» What to do
The task calls for every entry to be printed word for word, without the images.

» The records
● ● ● ● ●
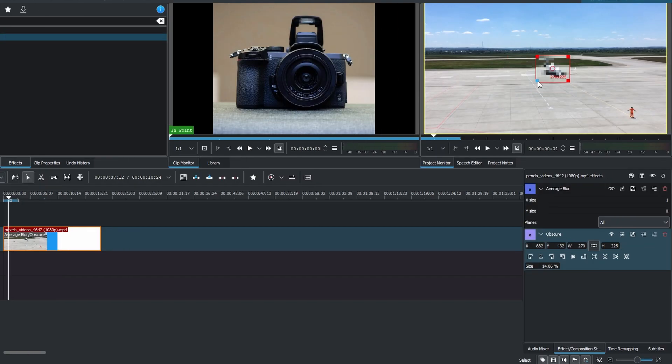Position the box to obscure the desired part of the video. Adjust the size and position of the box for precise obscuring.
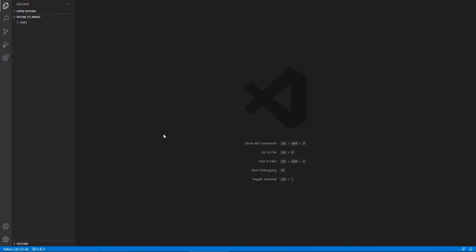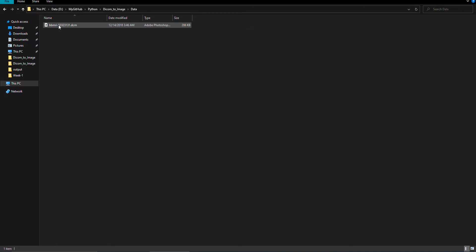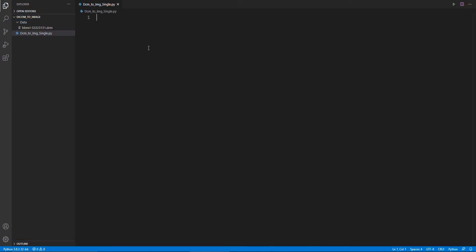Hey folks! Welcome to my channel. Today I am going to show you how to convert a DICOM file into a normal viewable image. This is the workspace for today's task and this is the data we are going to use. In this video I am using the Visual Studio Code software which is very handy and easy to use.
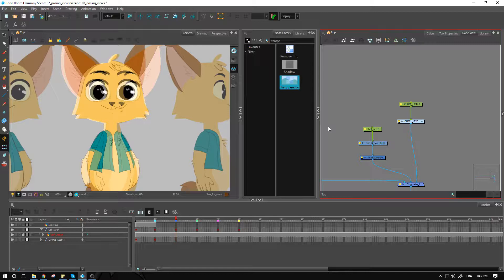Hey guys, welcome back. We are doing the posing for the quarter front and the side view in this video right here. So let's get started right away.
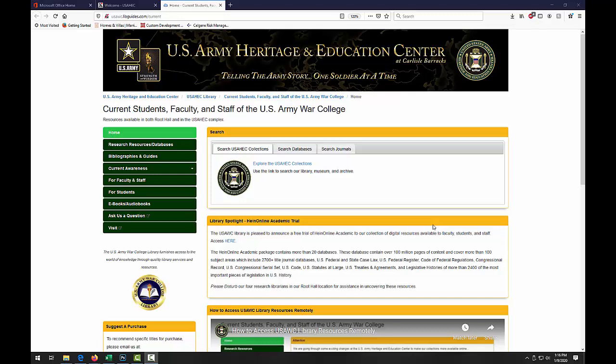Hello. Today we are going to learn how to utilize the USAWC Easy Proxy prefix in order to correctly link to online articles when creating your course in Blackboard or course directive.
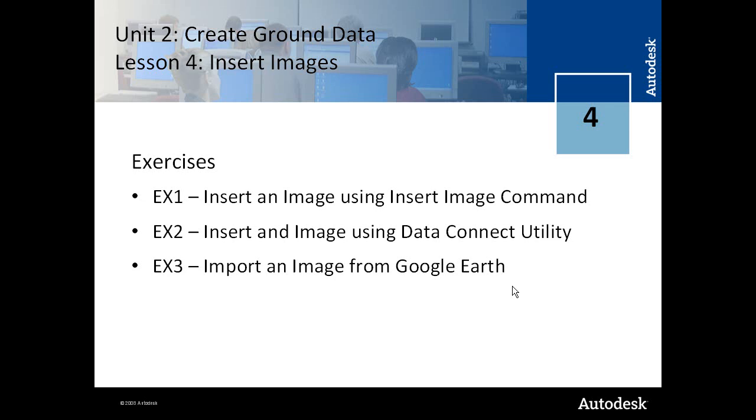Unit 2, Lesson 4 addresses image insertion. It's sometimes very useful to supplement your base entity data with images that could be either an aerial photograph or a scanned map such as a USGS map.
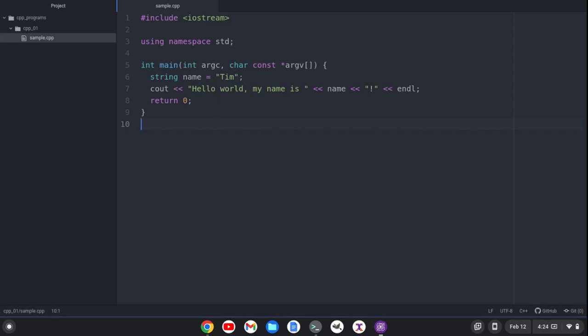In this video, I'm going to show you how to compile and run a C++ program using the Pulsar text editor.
● ● ● ● ●
» Finished task
Position the box to obscure the desired part of the video. Adjust the size and position of the box for precise obscuring.
Hey folks! Welcome to my channel. Today I am going to show you how to convert a DICOM file into a normal viewable image. This is the workspace for today's task and this is the data we are going to use. In this video I am using the Visual Studio Code software which is very handy and easy to use.
Hey guys, welcome back. We are doing the posing for the quarter front and the side view in this video right here. So let's get started right away.
Hello. Today we are going to learn how to utilize the USAWC Easy Proxy prefix in order to correctly link to online articles when creating your course in Blackboard or course directive.
Unit 2, Lesson 4 addresses image insertion. It's sometimes very useful to supplement your base entity data with images that could be either an aerial photograph or a scanned map such as a USGS map.
In this video, I'm going to show you how to compile and run a C++ program using the Pulsar text editor.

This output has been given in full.